É natural o holofote iluminar quem está no poder e, por tal razão, quem governa se depara com a famosa claque “Fora”, seja Dilma, Trump, Temer. No momento atual, o “Fora, Bolsonaro” continuará ecoando nos festivais.
O inciso V do artigo 36-A da Lei 9.504/97 permite a manifestação pessoal sobre questões políticas, inclusive nas redes sociais. Assim, se Pabllo Vittar repetisse seu posicionamento político para as dezenas de milhões de seguidores estaria protegida pela lei eleitoral?! Contraditório impedir que a artista se expresse para 100 mil pessoas, pois, se desejar, em segundos alcança milhões com seu posicionamento político e legítimo. Parece controverso.
Há vários fundamentos que podem ser invocados pelo partido de Bolsonaro como propaganda antecipada (antes do dia 15 de agosto), propaganda eleitoral em bem de uso comum ou propaganda negativa etc. Todavia, toda ação está sujeita a reação e, na hipótese, o resultado almejado foi engolido por um tsunami de críticas e manifestações ainda mais contundentes contra o político.
A aplicação de multa por propaganda eleitoral antecipada depende da formação do contraditório e respeito ao devido processo legal. À Justiça Eleitoral compete coibir os excessos, lembrar dos limites que a lei impõe e preservar a igualdade na disputa, sem interferir ou restringir a liberdade de expressão.
A liminar concedida a título de tutela de urgência pelo TSE possui fundamentação genérica dirigida à direção do Lollapalooza, responsabilizando-a por atos de terceiros, ao dispor: “vedando a realização ou manifestação de propaganda eleitoral ostensiva e extemporânea em favor de qualquer candidato ou partido político por parte dos músicos ou grupos musicais que se apresentem no festival, sob pena de multa de R$50.000,00 (cinquenta mil reais) por ato de descumprimento”.

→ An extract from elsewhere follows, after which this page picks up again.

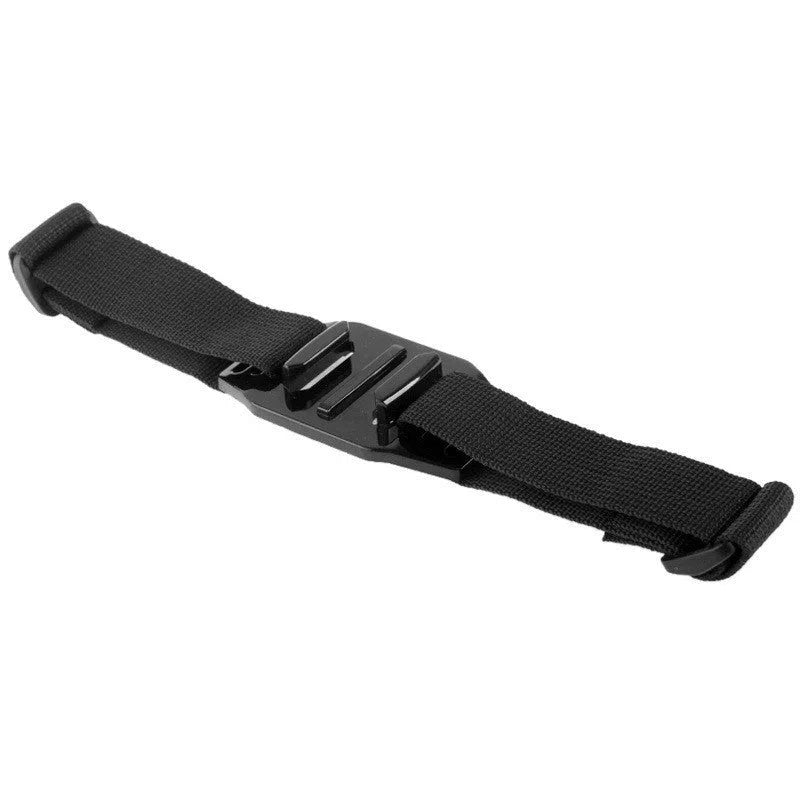 Black nylon bicycle helmet strap with fixed mount for DJI Osmo Action and GoPro camera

A determinação do TSE para a direção do festival impedir manifestação de propaganda eleitoral ostensiva dos músicos e artistas ou por elas se responsabilizar é tarefa impossível, inconcebível. O que pode ser considerado ostensivo? O que é propaganda eleitoral sob a ótica do artista? Crítica sem pedido de voto pode ser feita? O tom genérico, amplo e subjetivo da decisão proferida tangencia o conceito de censura prévia. A lei proíbe a censura prévia, sob qualquer pretexto, e eventual desrespeito à lei eleitoral poderá ser punido posteriormente com aplicação de multa a todos aqueles que praticaram o ato ilícito, garantindo-lhes o direito à ampla defesa.
Como já dizia o grupo Fundo de Quintal, “o show tem que continuar”.